The records:
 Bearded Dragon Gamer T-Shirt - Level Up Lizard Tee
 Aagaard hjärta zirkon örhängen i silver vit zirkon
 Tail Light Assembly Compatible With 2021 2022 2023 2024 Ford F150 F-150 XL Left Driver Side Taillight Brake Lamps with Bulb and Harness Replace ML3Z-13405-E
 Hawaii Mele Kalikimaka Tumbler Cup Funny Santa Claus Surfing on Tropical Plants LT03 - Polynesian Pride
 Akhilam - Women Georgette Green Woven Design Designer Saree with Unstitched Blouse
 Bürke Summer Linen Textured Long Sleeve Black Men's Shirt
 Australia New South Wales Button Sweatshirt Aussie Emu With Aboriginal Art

---

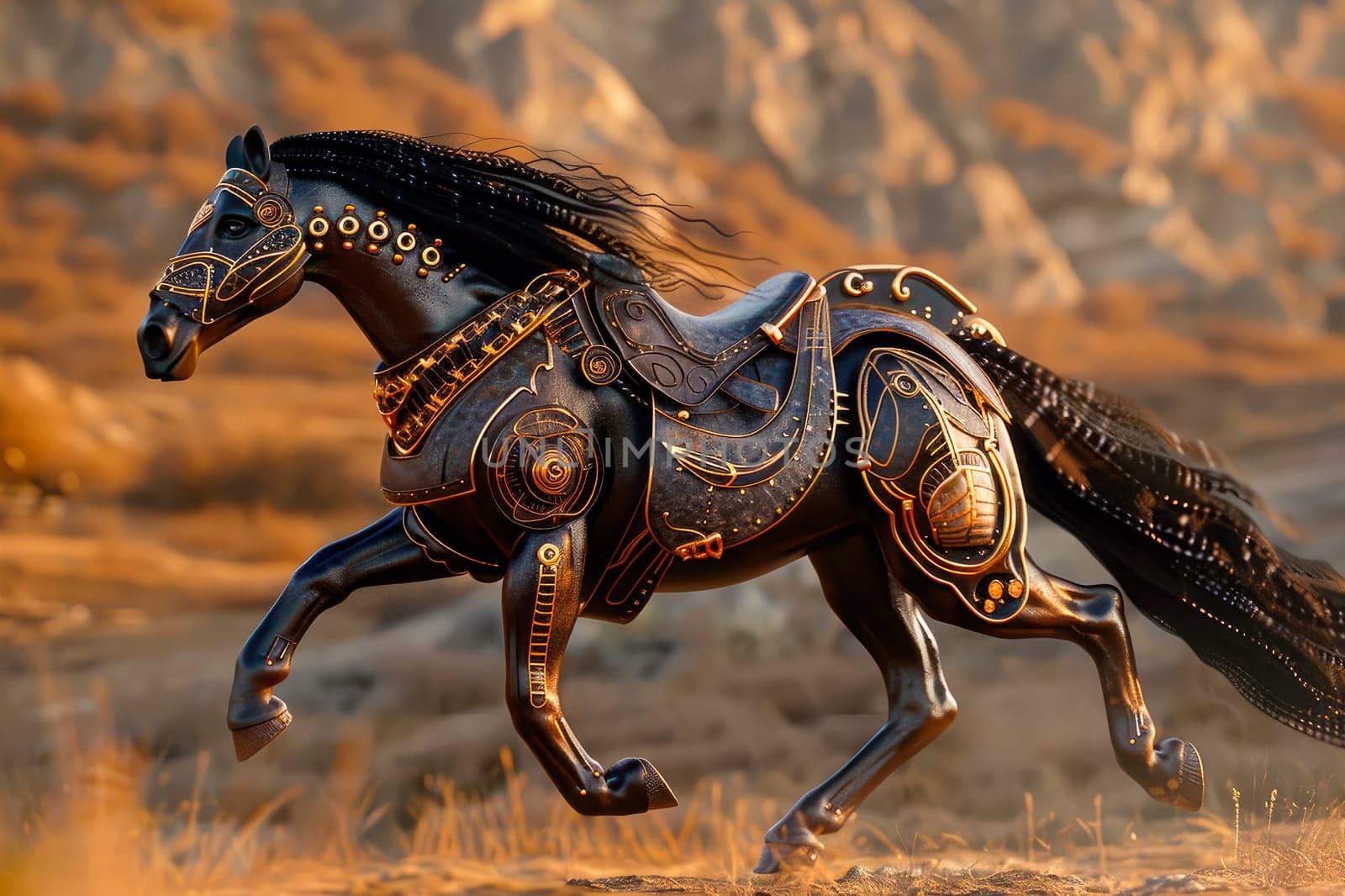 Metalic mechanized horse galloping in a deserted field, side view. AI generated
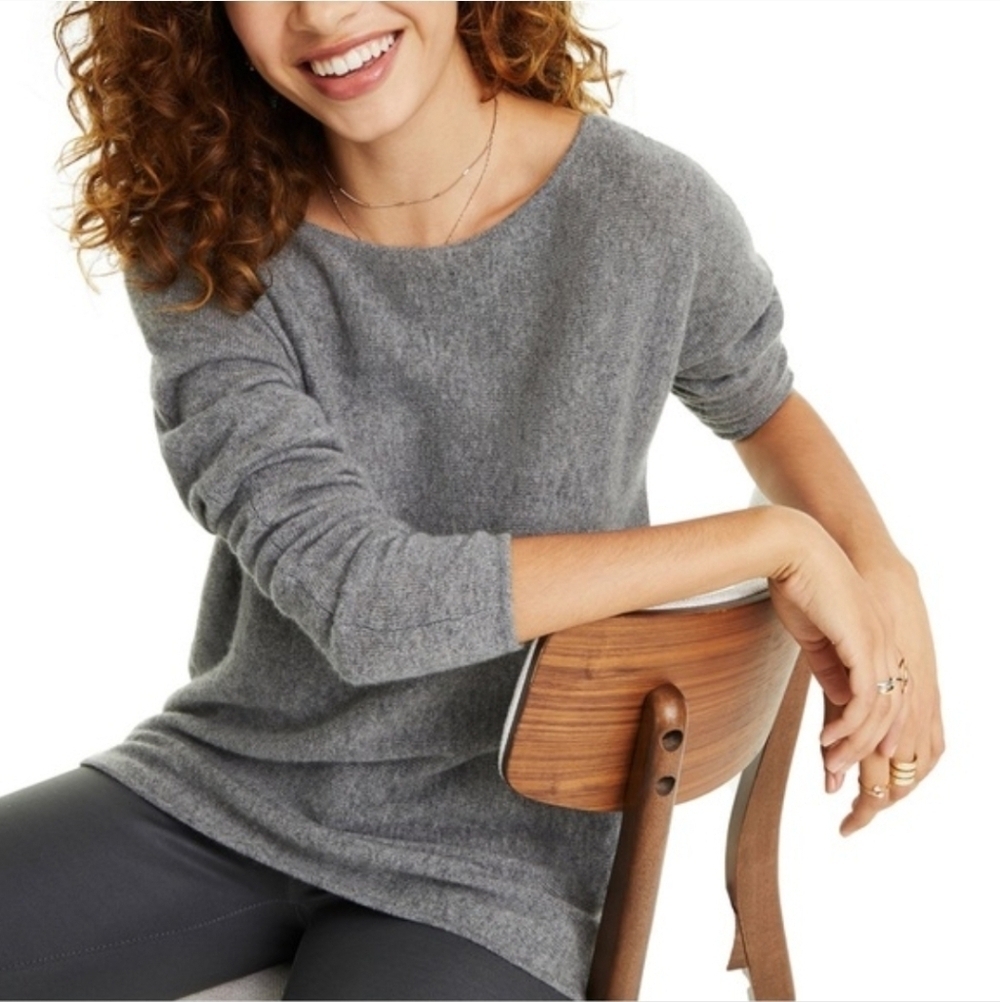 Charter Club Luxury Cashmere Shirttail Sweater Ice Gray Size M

Task to carry out: From the entries above, extract only the lines running from the one containing "Bürke Summer Linen" through the one containing "Australia New South", inclusive.

Written answer:
 Bürke Summer Linen Textured Long Sleeve Black Men's Shirt
 Australia New South Wales Button Sweatshirt Aussie Emu With Aboriginal Art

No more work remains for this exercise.